Le loyer de référence majoré est-il dès lors indépassable ?
Le principe est en effet que le loyer de référence majoré ne peut être dépassé. Toutefois, ce principe connaît une exception : il est possible de stipuler un complément de loyer. A l’origine, le législateur entendait réserver cette faculté aux logements présentant des caractéristiques exceptionnelles. On pouvait ainsi imaginer appliquer un tel complément de loyer à des logements disposant d’une terrasse particulièrement agréable, avec une vue dégagée sur un monument emblématique de la ville, ou à des logements situés dans des bâtisses historiques remarquables.

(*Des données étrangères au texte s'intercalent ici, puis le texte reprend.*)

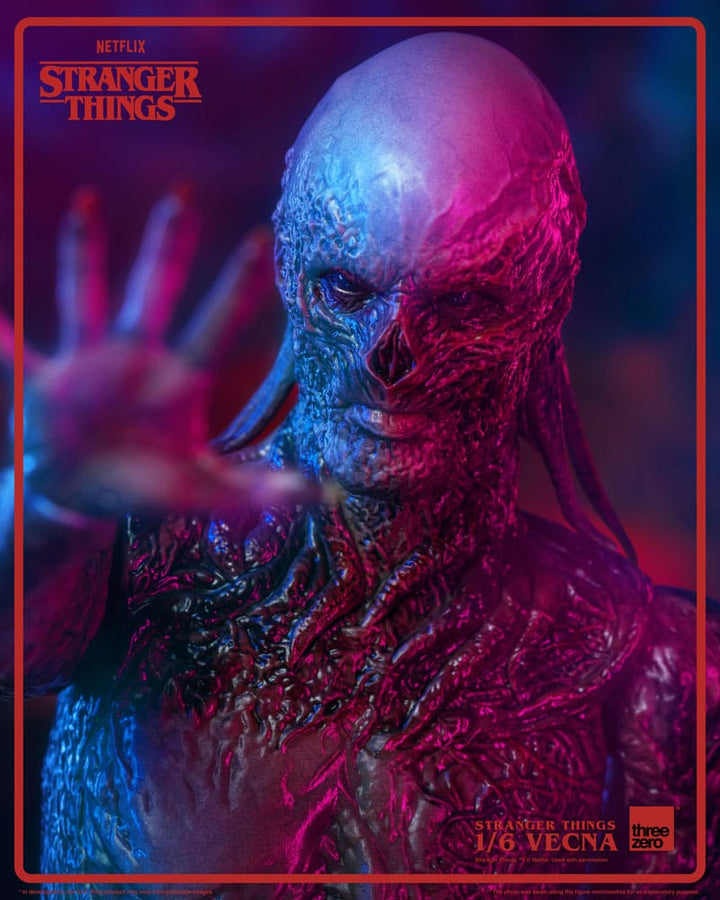 Stranger Things Vecna Action Figure 1 6 Scale 32 cm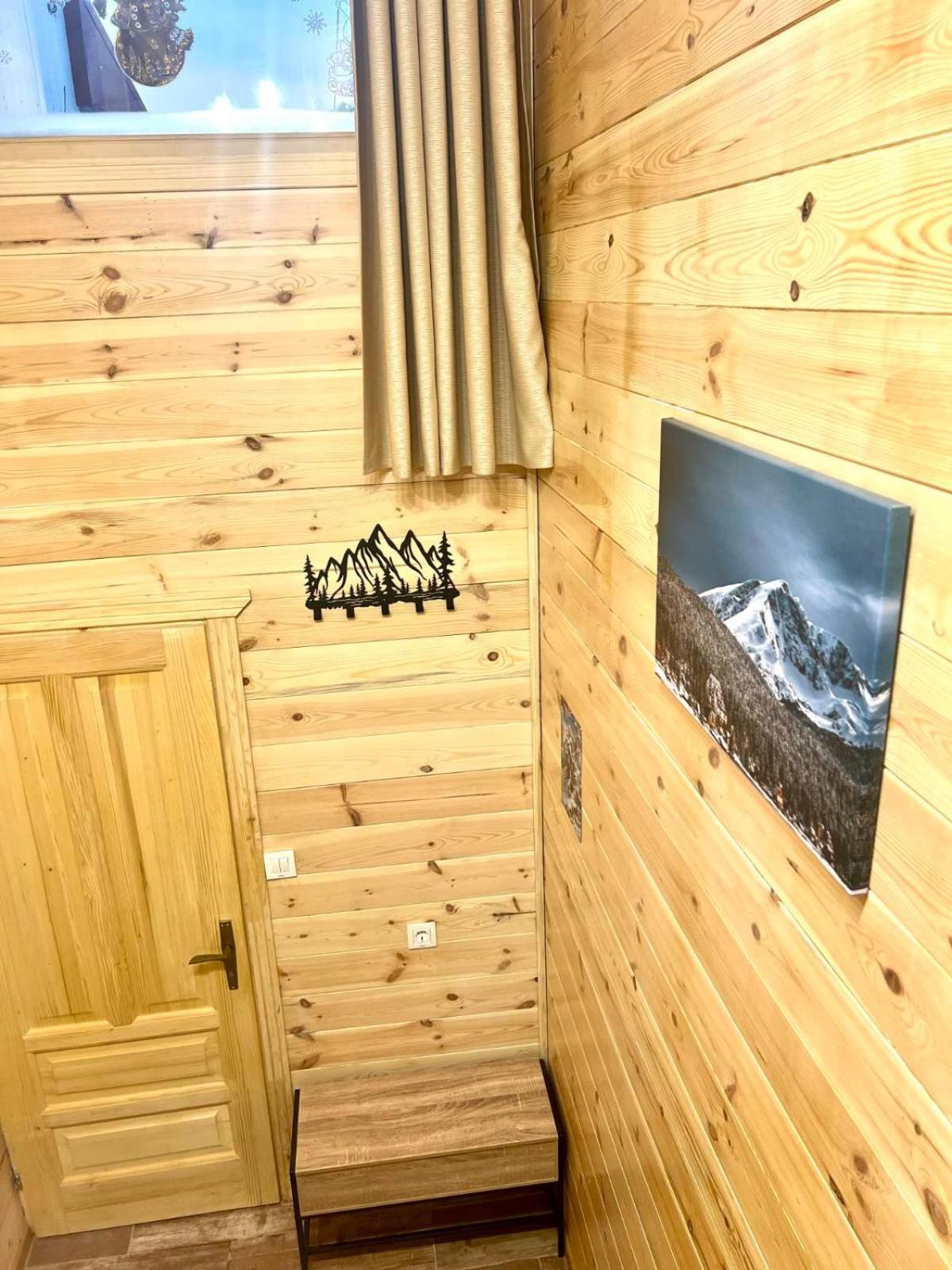 Apartmani Bozana Vojinovic Žabljak Kültér fotó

Le Conseil constitutionnel avait supprimé l’adjectif exceptionnel, considérant que l’atteinte au droit de propriété serait excessive, mais depuis, les textes législatifs et réglementaires n’ont eu de cesse de poser des conditions, parfois drastiques, souvent assez ambiguës, à la possibilité de stipuler un tel complément de loyer. Tant et si bien qu’il est relativement téméraire, lorsque l’on est bailleur, d’affirmer que le complément de loyer éventuellement prévu au bail ne sera pas remis en cause en justice.
Quelles sont précisément les sanctions et les risques encourus par un bailleur qui ne respecterait pas l’encadrement des loyers ?
Il faut distinguer deux catégories de sanctions : les sanctions civiles et les sanctions pénales.
Les sanctions civiles sont assez classiques : si le loyer appliqué au bail excède le loyer de référence majoré, le locataire peut demander la restitution du trop versé. Il peut formuler cette demande à tout moment, mais un délai de prescription de trois années s’applique. Le complément de loyer obéit à un régime plus complexe : le locataire dispose d’un délai très court pour le contester puisqu’il doit agir dans les trois mois de la signature du bail. Par ailleurs, le juge aura à apprécier non seulement si le principe d’un complément est justifié par les caractéristiques de confort et de localisation du logement, mais également si la valorisation retenue par le bailleur n’est pas excessive.
Les sanctions pénales sont apparues dans la loi ELAN du 23 novembre 2018 : lorsque le préfet constate qu’un loyer ne respecte pas le loyer de référence majoré, il met en demeure le bailleur de s’y conformer et à défaut, peut prononcer une amende d’un montant maximal de 5000 € pour une personne physique et de 15 000 € pour une personne morale. Le préfet peut déléguer cette attribution aux collectivités territoriales depuis la loi 3DS du 21 février 2022 (c’est chose faite pour la Ville de Paris depuis le 1er janvier 2023). Il est à noter que ces dispositions pénales ne peuvent sanctionner un complément de loyer injustifié ou excessif.
Un bailleur respectant le loyer de référence majoré, sans complément de loyer, peut-il être serein ?
Une telle vérification est évidemment nécessaire à sa sérénité. Mais ce n’est pas suffisant… D’une part, dans les zones tendues, il faut également respecter la règle selon laquelle le loyer applicable à un nouveau locataire ne peut excéder le loyer appliqué au précédent locataire. D’autre part, il faut aussi s’assurer que les modalités de détermination du loyer de référence ont été correctement appliquées : une superficie mentionnée au bail, qui excéderait la superficie réelle, conduira ainsi à une révision à la baisse du loyer autorisé puisque le loyer de référence est un loyer par m2. De même, si le logement est loué comme étant meublé, mais que l’ameublement est ultérieurement considéré comme insuffisant au regard de la loi du 6 juillet 1989, le loyer de référence applicable sera celui des logements nus, souvent inférieur à celui d’un logement meublé.